**Task goal**
In the entries below, find the line with "Autumn Purple Halo" and print exactly every line from there up to and including the line with "Jual CUSTOM STICKER", with no other lines.

[[ Records to use open ]]

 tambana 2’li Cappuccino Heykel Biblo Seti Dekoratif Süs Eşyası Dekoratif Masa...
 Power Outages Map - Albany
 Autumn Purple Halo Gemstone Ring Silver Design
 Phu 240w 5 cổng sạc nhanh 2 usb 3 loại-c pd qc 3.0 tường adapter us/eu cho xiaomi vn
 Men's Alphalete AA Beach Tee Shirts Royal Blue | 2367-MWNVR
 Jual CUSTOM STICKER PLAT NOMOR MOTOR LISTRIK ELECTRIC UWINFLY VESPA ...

[[ Records to use closed ]]
[[ Records to use open ]]

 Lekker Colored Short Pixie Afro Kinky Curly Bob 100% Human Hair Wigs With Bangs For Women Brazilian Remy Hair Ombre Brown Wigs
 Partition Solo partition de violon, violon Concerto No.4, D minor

[[ Records to use closed ]]

**Answer below**
 Autumn Purple Halo Gemstone Ring Silver Design
 Phu 240w 5 cổng sạc nhanh 2 usb 3 loại-c pd qc 3.0 tường adapter us/eu cho xiaomi vn
 Men's Alphalete AA Beach Tee Shirts Royal Blue | 2367-MWNVR
 Jual CUSTOM STICKER PLAT NOMOR MOTOR LISTRIK ELECTRIC UWINFLY VESPA ...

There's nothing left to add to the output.